D.C. Stephenson, by the way, preached the sacredness of marriage and family, but was a sexual predator behind closed curtains. He was convicted of rape and murder in 1925.
Which is another eerie parallel to Pete Hegseth’s baggage.
Although he denied and dodged at his Senate hearing, allegations of abuse of women (brought most vividly by his own mother) are among numerous other serious concerns still hanging over Hegseth’s nomination: abuse of alcohol as well; flagrant, destructive mismanagement of veterans organizations; involvement in theocratic, insurrection-oriented religions; and his own frequent, barely veiled threats of violence against Muslims and many other groups and people he lumps together as “the left.” To him ‘the left” means all those involved with or supportive of such matters as—listed in The War on Warriors—including:
The shoehorning of Diversity, Equity, and Inclusion (DEI), Critical Race Theory (CRT), feminism, genderism, safetyism, climate worship, manufactured ‘violent extremism’ [in the ranks], straight up weirdo shit, and a grab bag of social justice causes that infect today’s fighting force… These, combined with “Leftism [which] will enslave us all with big government until it’s enslaved by Islamism…”
All these rantings and threats of civil war deserve close attention, which they did not get in the Senate hearing.

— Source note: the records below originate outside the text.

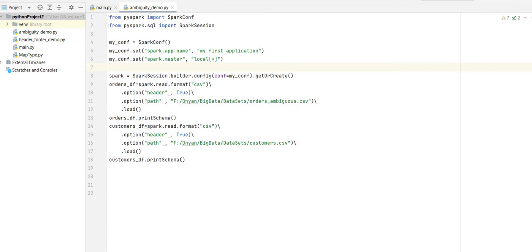Hello everyone, welcome back. Today we are going to discuss one of the important topics of Spark — specifically, after joining two DataFrames, when we get ambiguity, how to resolve that ambiguity and how to find it. These two questions we are going to discuss here. Let's start.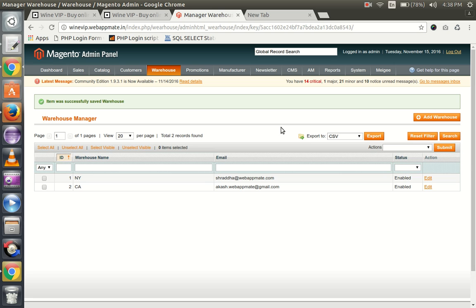Now we will see how to add a new warehouse. Here you can see an option to add warehouse - click on add warehouse.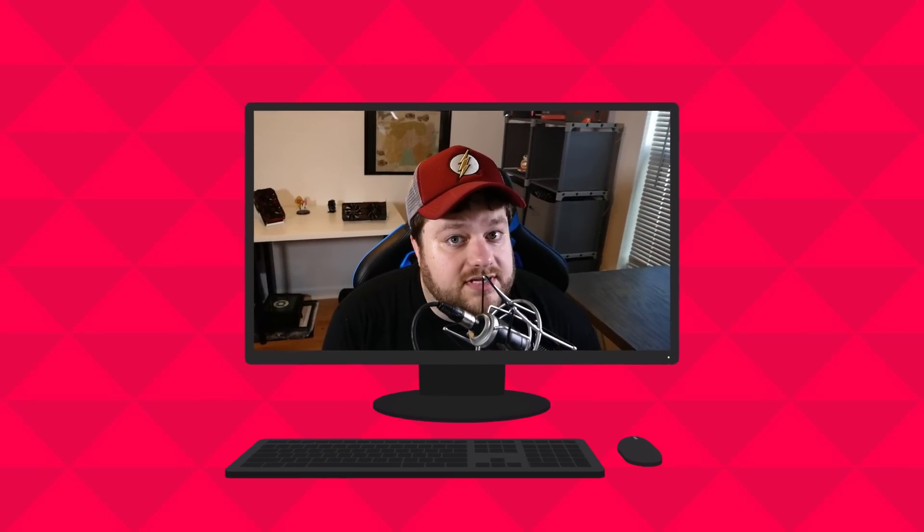Welcome everyone to GamerMeld. Today we've got a gaming benchmark on the 1660 Ti, information on a non-Ti 1660, as well as new information on Navi.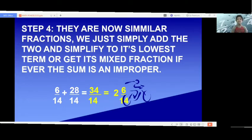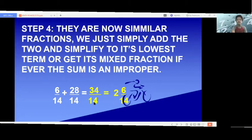Now the fractions are similar. We will simply add them and simplify to lowest terms, or convert to a mixed fraction if the sum is an improper fraction. 6 fourteenths plus 28 fourteenths is 34 fourteenths. This is an improper fraction, so we convert it: 34 divided by 14 is 2 remainder 6 (since 2 times 14 is 28, and 34 minus 28 is 6). Copy the denominator, giving us 2 and 6 fourteenths.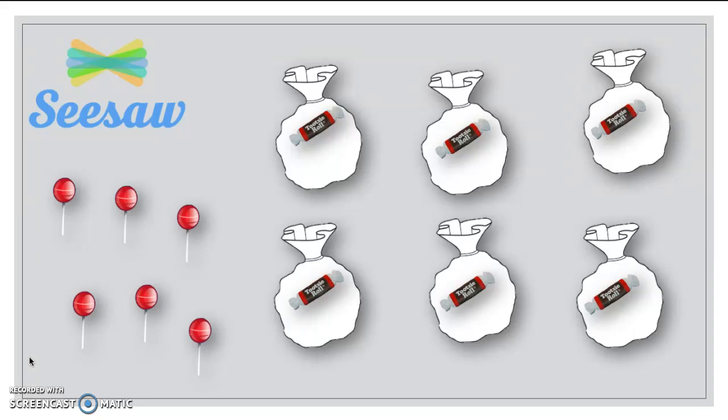Now, if you aren't able to do it on the screen, you can go ahead and just draw a quick picture of the lollipops in the bags and draw a line connecting them. All right? All right, good luck, friends.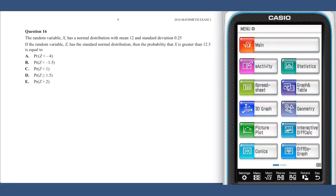In question 16, it can be reasoned that the x value of 12.5 is 0.5 greater than the mean of 12. As the standard deviation is 0.25, this gap of 0.5 corresponds to a z-score of 2.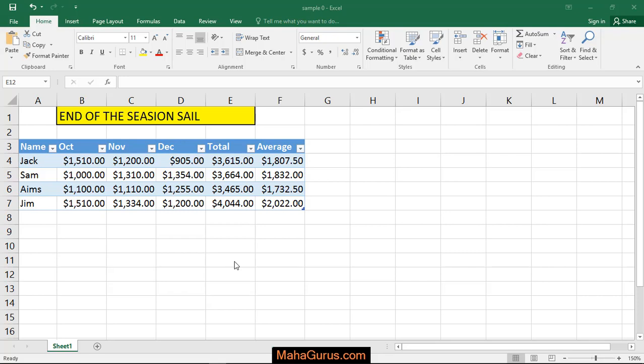Hi guys, welcome back to our YouTube channel. So in this tutorial, we would learn how to apply a 3D line chart in Microsoft Excel.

The focus here however, has been narrowed to those which touch on the work at Quaker House: the racial exclusion and blatant distortion of the record and views of Hegseth’s principal target in uniform, General Brown, and what these indicate about Hegseth’s plans for the military in our near future, outside and inside this country.
Like the “Klan mindset,” this agenda is likely to be pursued even if Hegseth’s nomination were to fail. Further, that vision becomes near-apocalyptic, particularly if what Hegseth calls the American Crusade (the title of his 2020 book) aimed at all these targets (and more) should be thwarted. If so, in his own words in American Crusade:
“America will decline and die. A national divorce will ensue. Outnumbered freedom lovers will fight back… The military and police, both bastions of freedom-loving patriots, will be forced to make a choice. It will not be good. Yes, there will be some form of civil war…It’s a horrific scenario that nobody wants but would be difficult to avoid.”
With or without Hegseth, is this the crusade the Senate will consent to install in the top leadership at the Pentagon?